Empty files are files that are zero bytes. They contain nothing. We use the command-line tool ‘find’ to locate empty files or directories. For example, the command ‘find . -empty’ will list all empty directories or files. To limit this search to just files, add ‘-type f.’ You may have a reason for keeping empty files and directories. We typically do not, and find they create visual clutter for the preservationist. Moving them to an ‘Excluded’ directory or deleting them reduces that clutter.

While handling born-digital manuscripts, it is common to come across numerous system files, which often serve vital functions for software and operating systems, but may not be significant to the collection. Our typical approach relies on our intuition about what constitutes a system or software file, based on file types and locations, and we generally exclude these from our attention. This intuitive approach has served us well, but there are more structured and systematic ways to weed such files. Dalhousie University, for example, uses specialized tools that draw from the National Software Reference Library’s (NSRL) Reference Data Set.20 This dataset allows them to compare the checksums of the files in their collections against known system files. This method offers a robust and automated way of excluding recognized system files from further scrutiny or archival action. The benefit of using the NSRL’s Reference Data Set is its extensive database, ensuring that a wide variety of system files, across many versions and variations of software, are effectively identified and can be set aside.21 It’s also worth noting that certain digital forensics tools come pre-integrated with such filtering features.

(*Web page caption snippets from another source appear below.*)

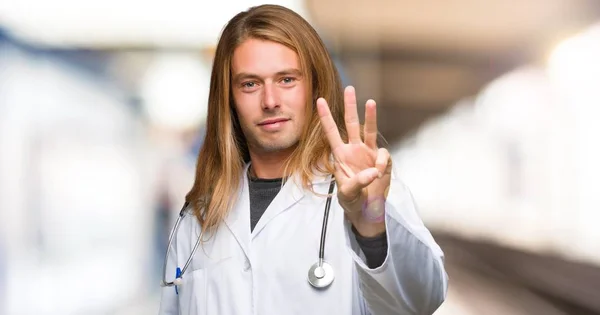 病院で指を持つ医師男幸せとカウント — ストック写真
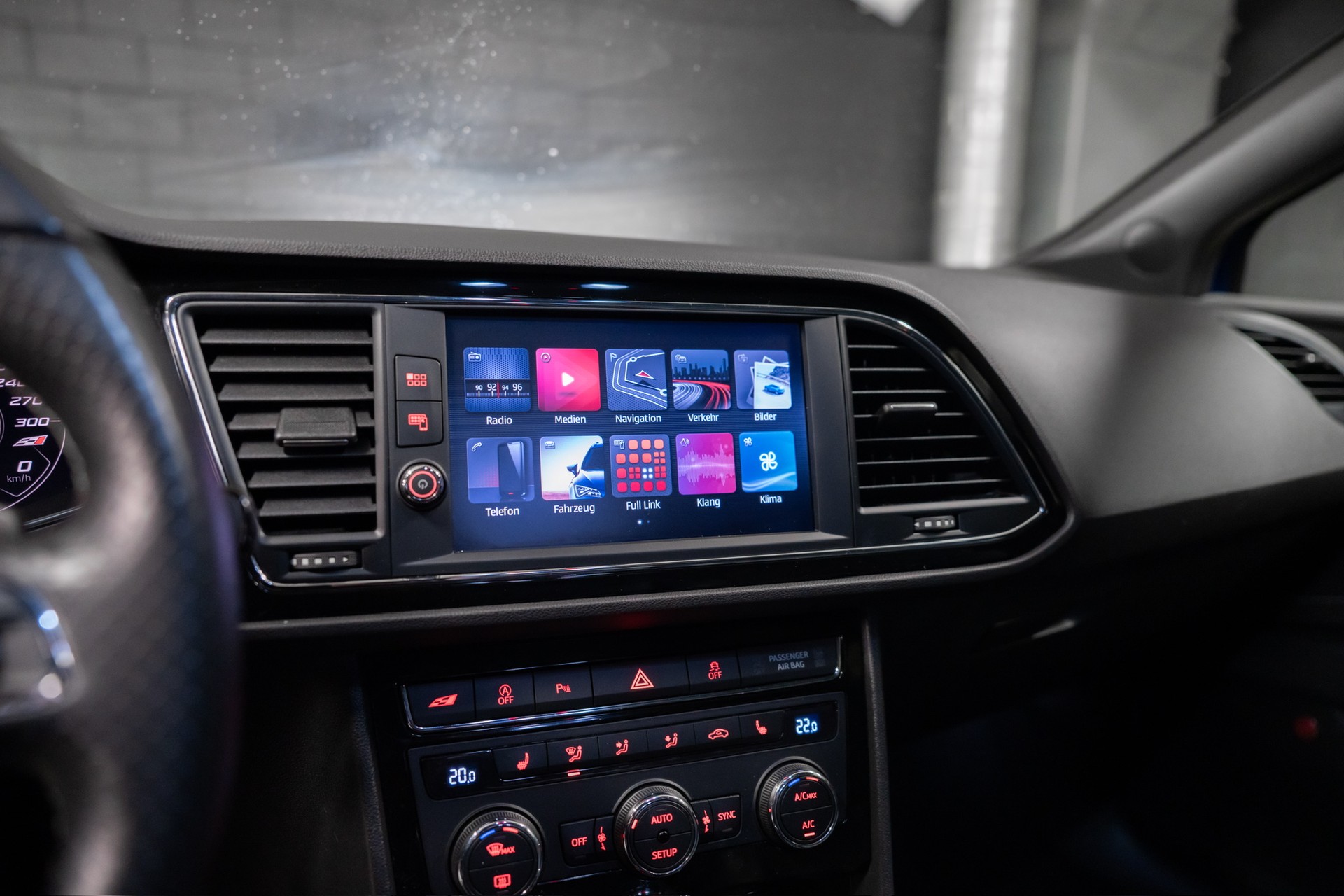 SEAT Leon ST 2.0 TSI Cupra 370 4 Drive DSG-image-9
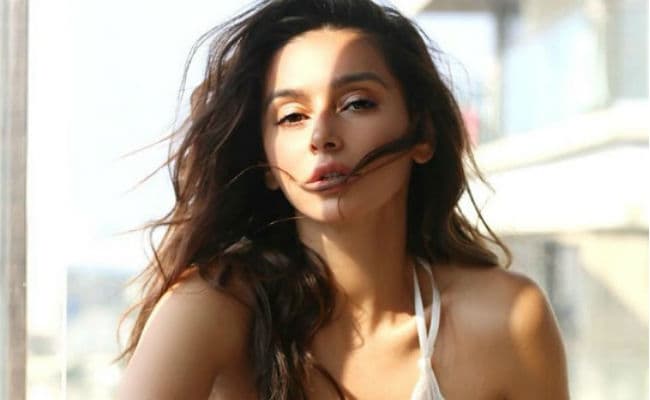 अंकिता लोखंडे को भला-बुरा कहने वाली शिबानी दांडेकर कौन है? फरहान अख्‍तर को कर रहीं डेट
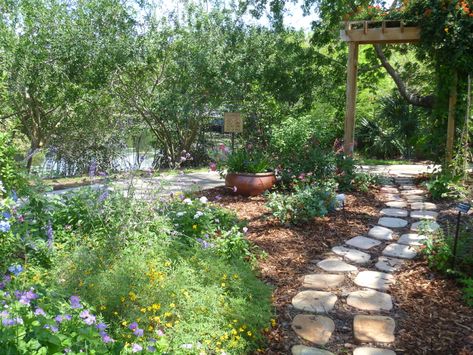 Cottage Backyard, Florida Cottage, Florida Landscaping, Fine Gardening, Garden Architecture, Backyard Inspiration, Garden Pathway, Landscaping Tips, Backyard Makeover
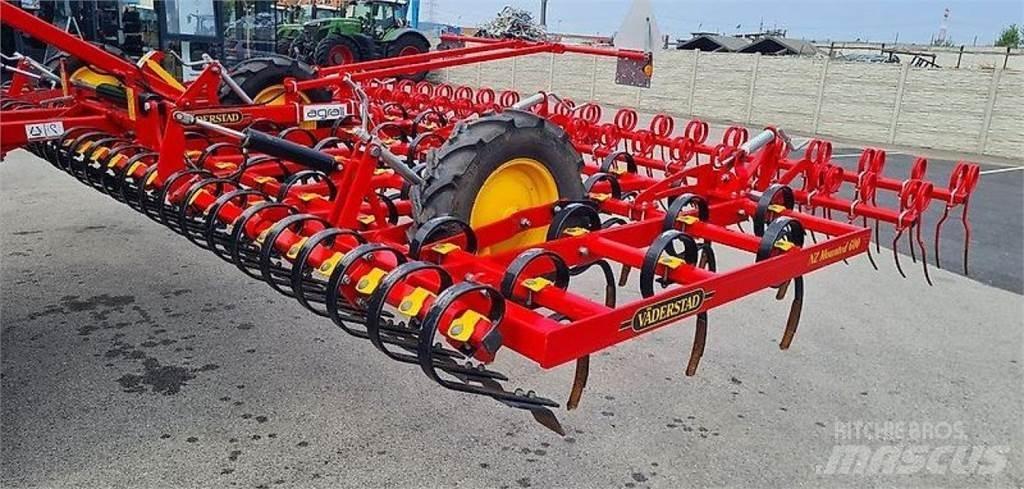 Väderstad NZM 600 مثاقيب مدمجة
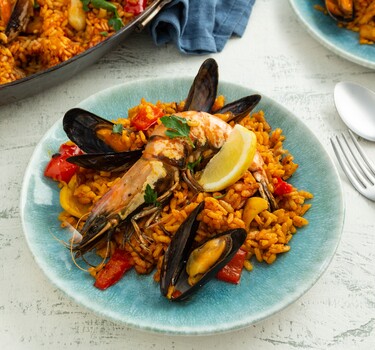 Paella met zeevruchten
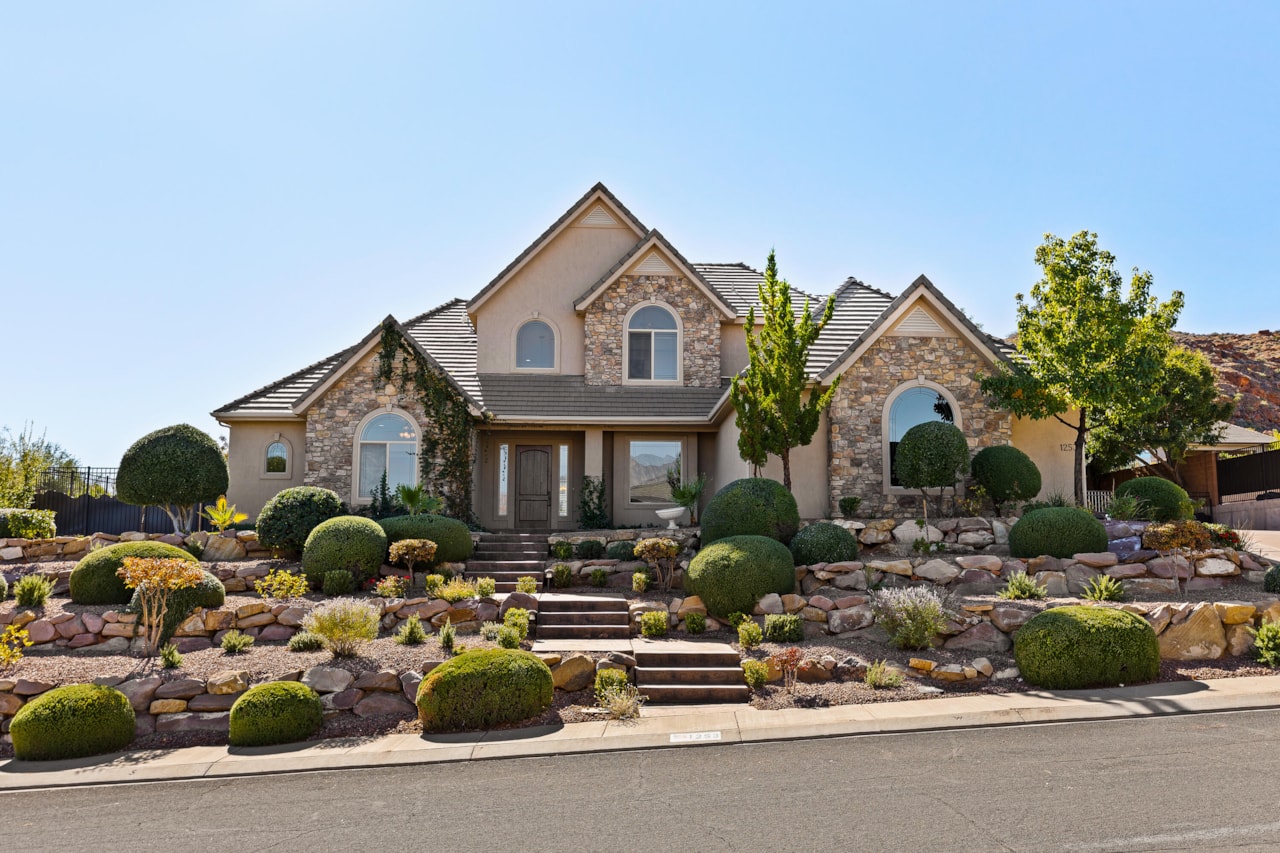 1253 W Lexington ST Washington, UT 84780 home for sale, MLS#25-266497 - Erika Rogers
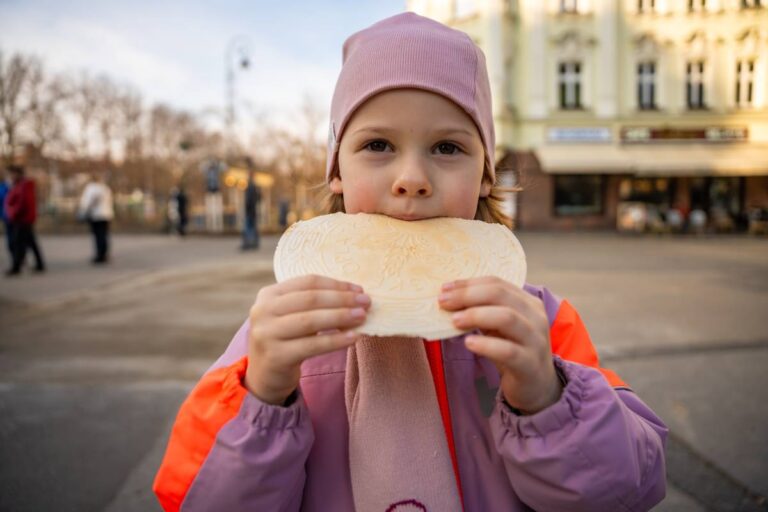 Mała dziewczynka z tradycyjnym ciepłym gofrem w gminie Karlowe Wary lub Carlsbad w Czechach © Shutterstock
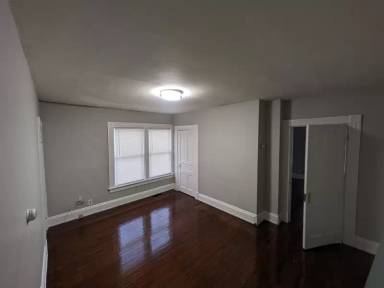 Main picture of 5143 Hunter Ave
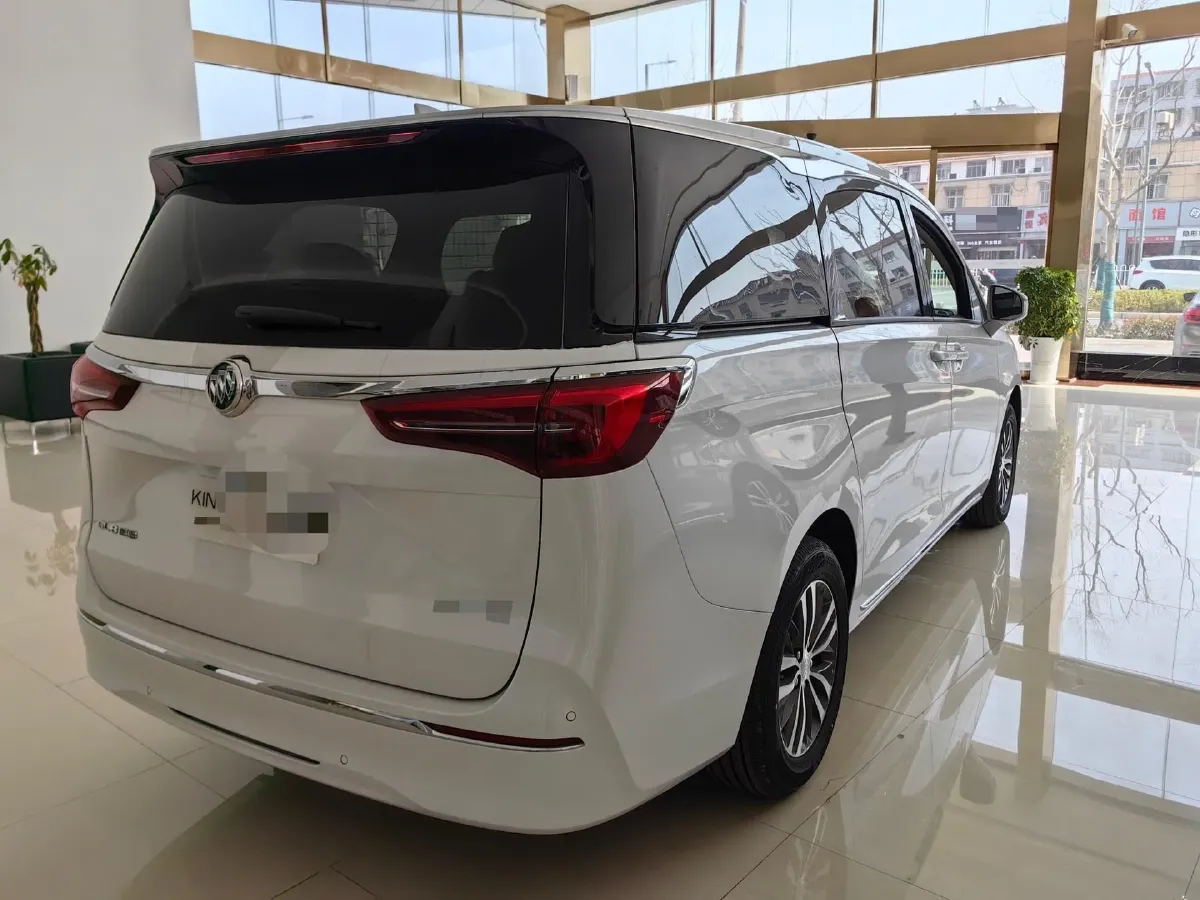 2023 Buick GL8 2.0T 237HP L4 9AT,autocango,china used car exporter,china ev exporter,chinese used car exporter,chinese used ev exporter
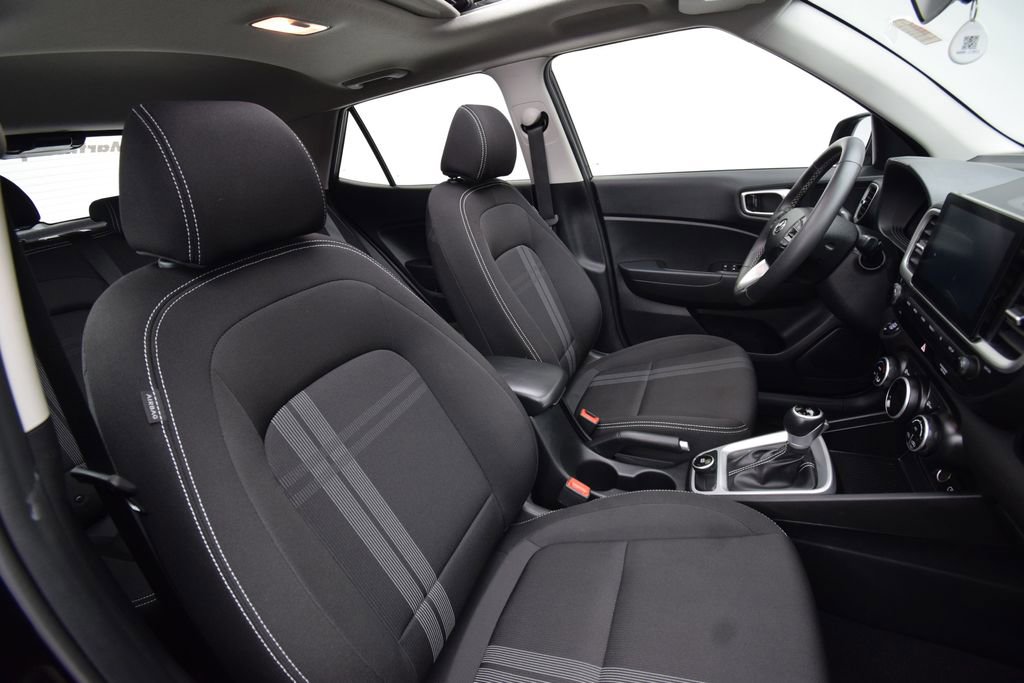 Used 2025 Hyundai Venue SEL image 21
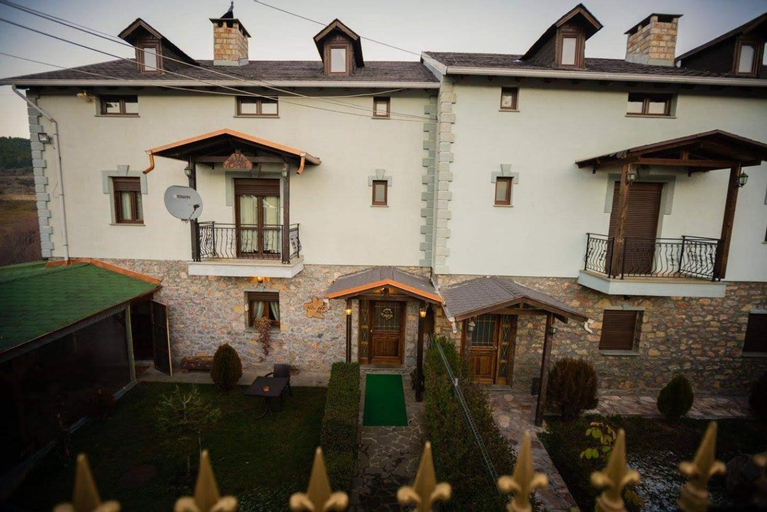 Vila118, Korçës
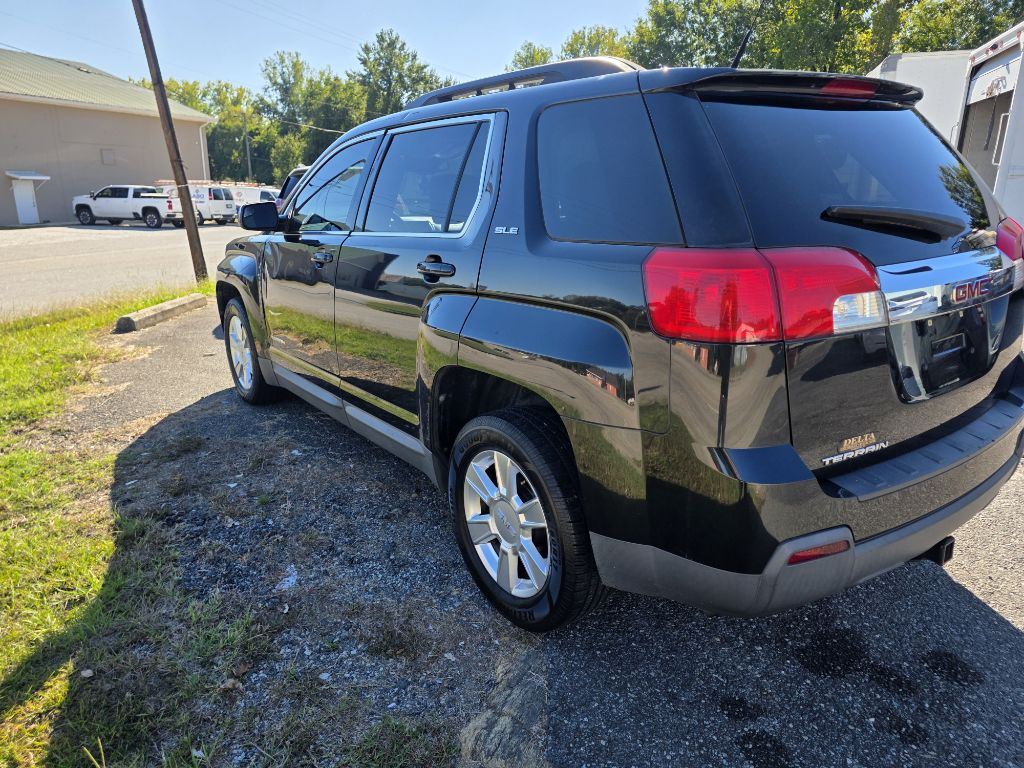 Photo 2 of this GMC TERRAIN
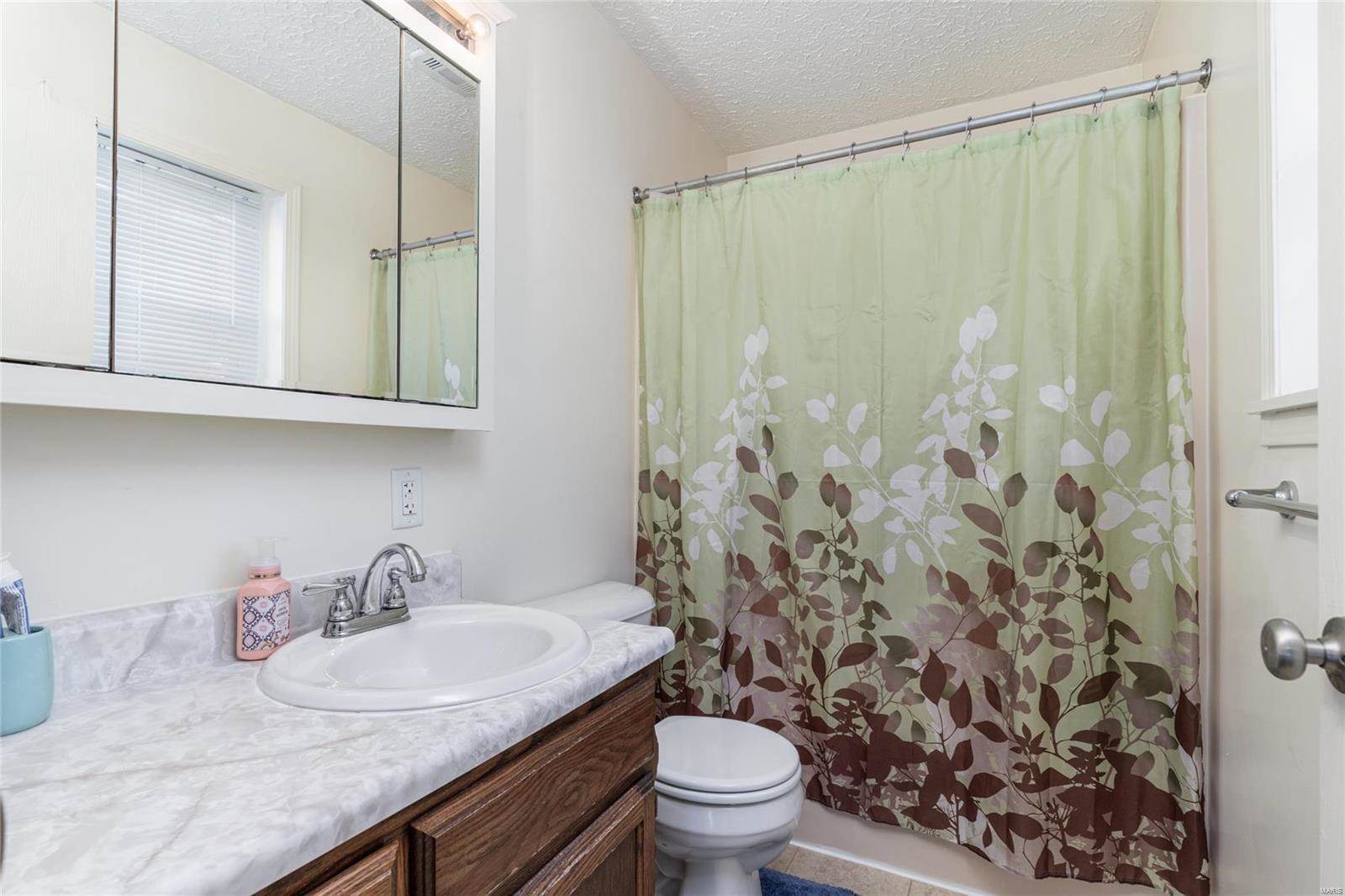 21201 Helga Lane, Saint Robert, MO 65584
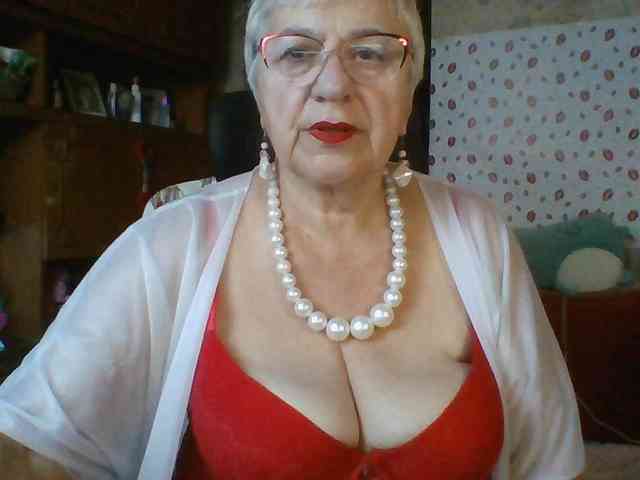SweetCherry00 webcam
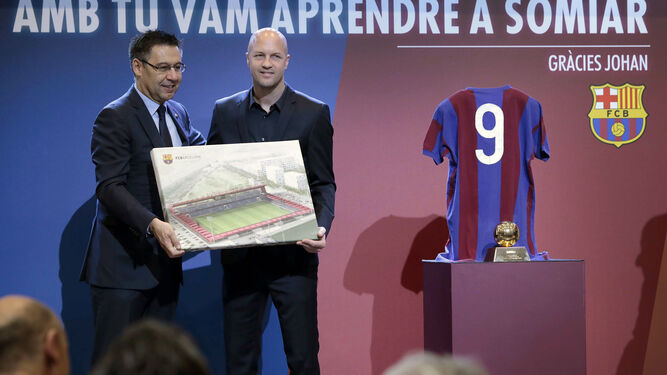 El presidente del Barcelona, Josep Maria Bartomeu, porta junto a Jordi Cruyff una imagen con el futuro aspecto del nuevo estadio Johan Cruyff.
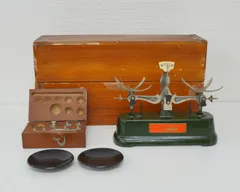 薬品用小型携帯用天秤ハカリ　レトロ 薬品用小型携帯用天秤ハカリ レトロ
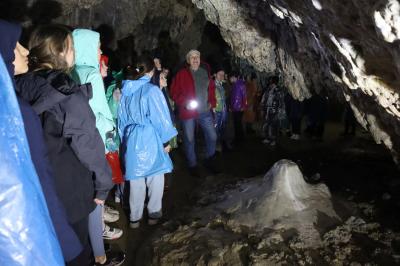 Uczniowie wraz z przewodnikiem - zwiedzają jaskinię nietoperzową.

For example, the Forensic Toolkit (FTK) incorporates “Known File Filter” capabilities.22 These tools can automatically identify and flag system files, simplifying the process and reducing the chance of manual oversight.

Identify files that require intervention to access and recommend an appropriate preservation action (e.g., creating a migrated copy in a more stable file format).

After identifying our primary files of interest, our next significant steps evaluate the files’ accessibility.

1. Using Tools for File Identification

Our starting point is file format identification (if this hasn’t already been done). For this, we use Siegfried,23 an instrumental tool that assists us in pinpointing file formats—whether it’s a WordPerfect document, a JPEG image, or a PDF. Siegfried works by using file format signatures, a unique sequence of bytes at the beginning of a file used to identify the file’s format and type and comparing these signatures to existing databases such as the National Archives UK’s PRONOM technical registry.24 Siegfried fits well into our workflows and is easily automated because it is a command-line tool. We can run it on a whole collection without clicking on each file, and the output is also machine-readable. Siegfried is also built into the aforementioned brunnhilde tool. However, not every file can be precisely identified, particularly older formats that don’t have a discernible signature. Yet, in these circumstances, we employ our instincts to deduce a file’s type. Insights from the file’s age, its contextual environment, or even its naming convention often guide our judgment.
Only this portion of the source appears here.